One ALEC bill in particular, the "Resolution Supporting Private Scholarship Tax Credits," has mostly flown under the radar - but could have grave, far-reaching consequences.
An Overview of ALEC's Scholarship Tax Credit Campaign
Tuition scholarship tax credit laws, which allow a person or corporation that makes a donation to pay primary or secondary school tuition to take a tax credit - or under some laws, to take a tax deduction - and use state tax codes to subsidize private or parochial education, affect far more than money for private school tuition.
"These laws optimize the warped view of the world that many corporations through ALEC are building toward," said Nick Surgey, director of research at the Center for Media and Democracy, which launched the ALEC Exposed project in 2011. "Their rhetoric might be all about the free market, and they might dress it up by talking about helping kids from poor families, but there is no denying that the real beneficiaries from these laws are those whose intention is to take a wrecking ball to our public education system."
A handful of states have enacted versions of private scholarship tax credit laws: Alabama, Arizona, Florida, Georgia, Illinois, Indiana, Iowa, Louisiana, New Hampshire, North Carolina, Oklahoma, Pennsylvania, Rhode Island, South Carolina, Virginia and Wisconsin.

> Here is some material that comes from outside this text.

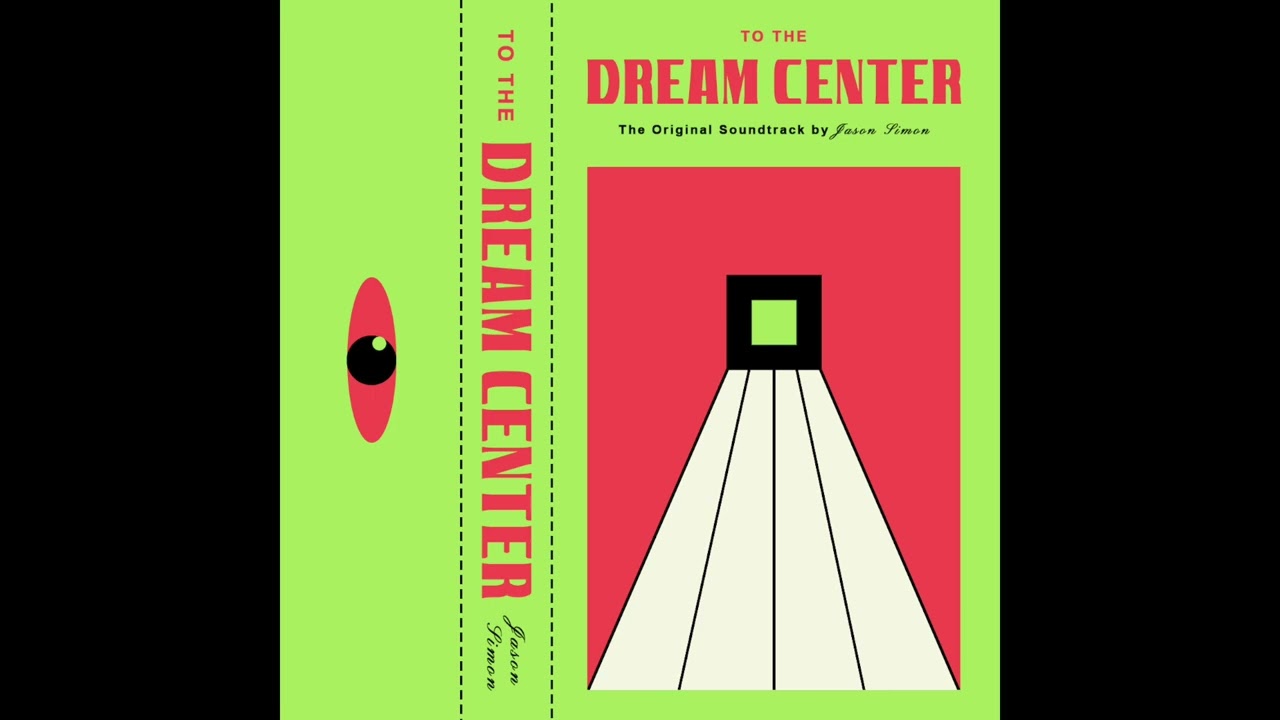 JGT105 - Jason Simon - To The Dream Center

Other states are likely to join that list.
In 2013, the Idaho House approved a tuition tax credit scholarship 35-33, but it failed to get out of the Senate Taxation Committee by a 7-2 vote. According to state Sen. Bob Nonini (R-Couer d'Alene), if enacted, this bill would shift approximately 2,600 children from public to private schools. It seems likely that this bill will come up for consideration again.

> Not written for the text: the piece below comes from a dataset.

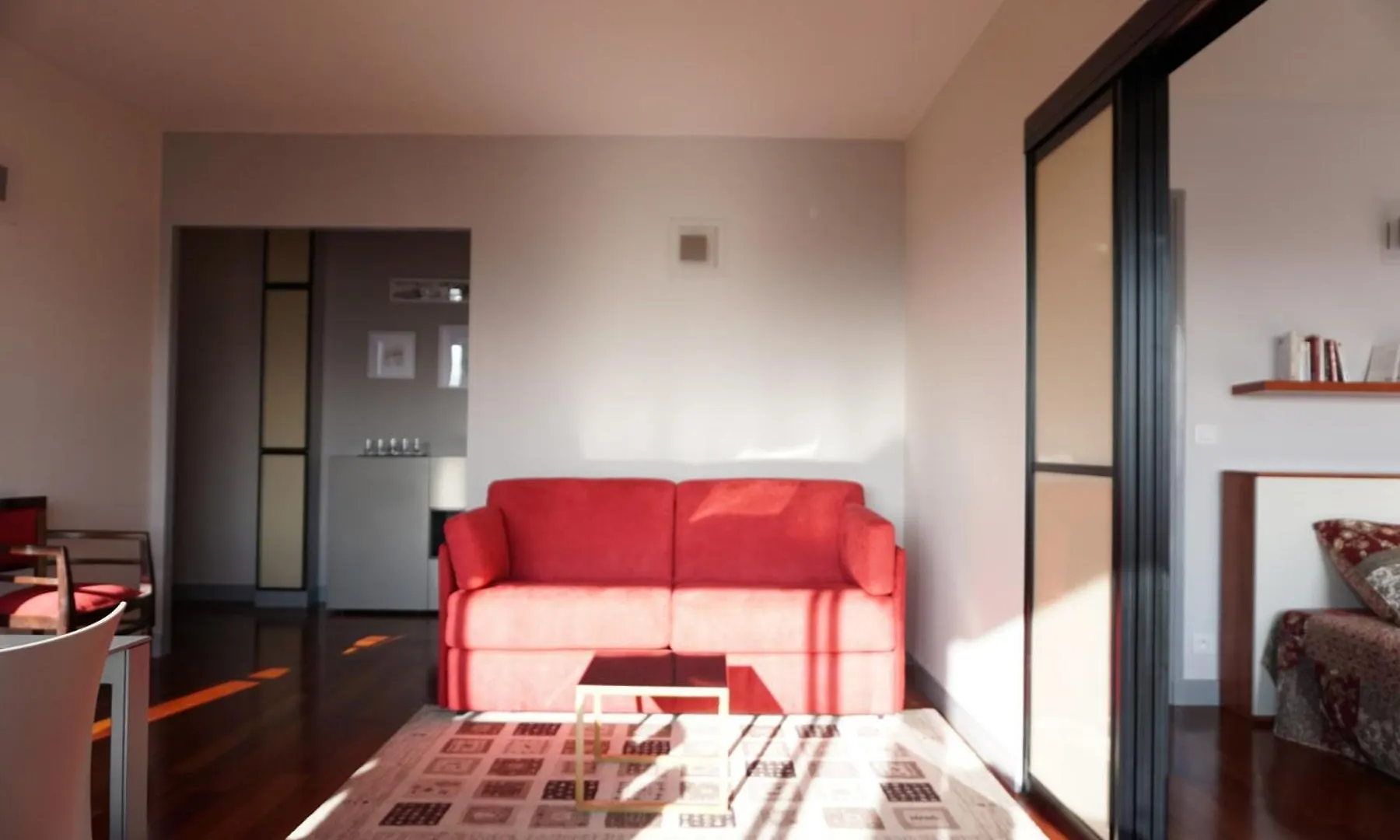 Rue Saint Saens - Paris 15 Apartment France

In the last term, the US Supreme Court's conservative majority dismissed a case that questioned the constitutionality of Arizona's tuition tax credit law on the grounds that the plaintiffs lacked standing to bring the claim. That dismissal did not rule on the merits of the case. A New Hampshire case is on the Supreme Court's docket for 2013-14.
What Effects Does a Tuition Tax Credit Law Have on Education?
Private scholarship tax-credit laws threaten to break down the public school system - and the core principle it represents - on multiple levels. First, by transferring money from state budgets to private hands, these laws draw down state government budgets, leaving less money for public needs. Second, it promotes student exit from public school systems, and, third, it subsidizes parochial school tuition, potentially violating the separation of church and state.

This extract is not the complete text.